REQUIREMENT :: Could you repeat the listing below exactly while leaving its pictures behind?

INFORMATION SHOWN ::
————
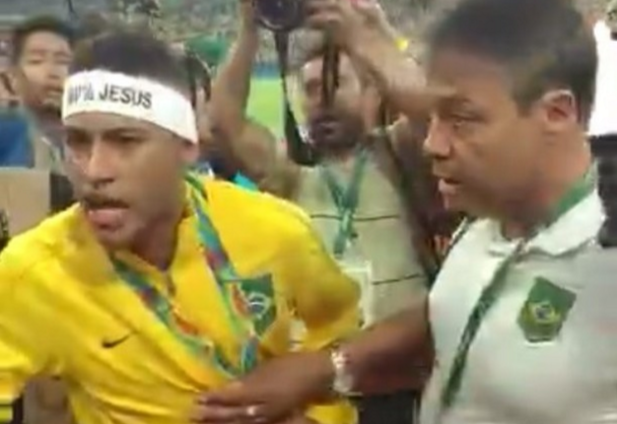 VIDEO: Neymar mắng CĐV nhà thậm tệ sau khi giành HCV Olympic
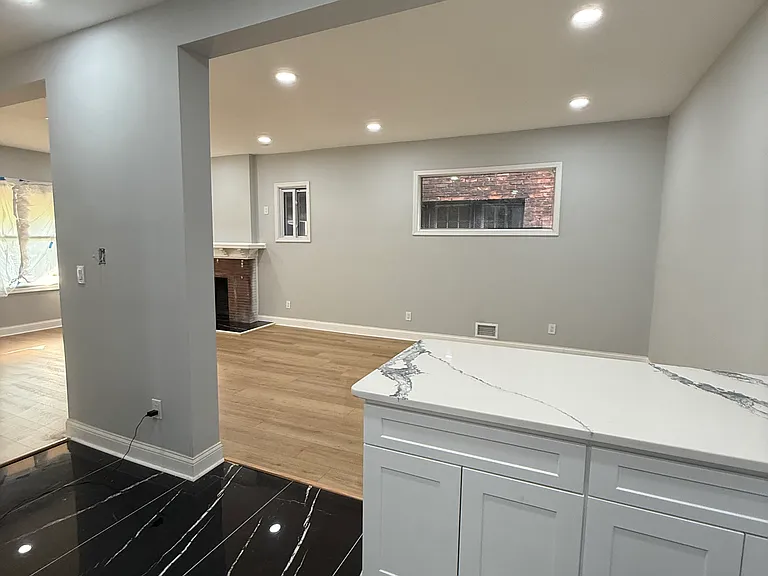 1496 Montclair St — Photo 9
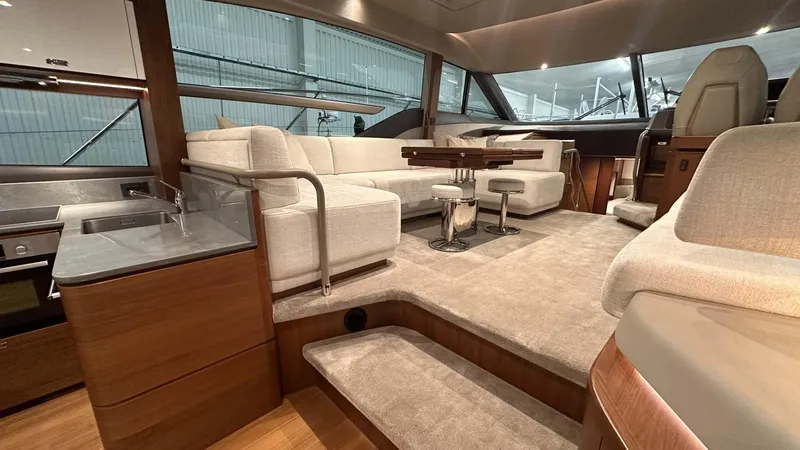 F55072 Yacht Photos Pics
————
RESULT OF THIS TASK ::
 VIDEO: Neymar mắng CĐV nhà thậm tệ sau khi giành HCV Olympic
 1496 Montclair St — Photo 9
 F55072 Yacht Photos Pics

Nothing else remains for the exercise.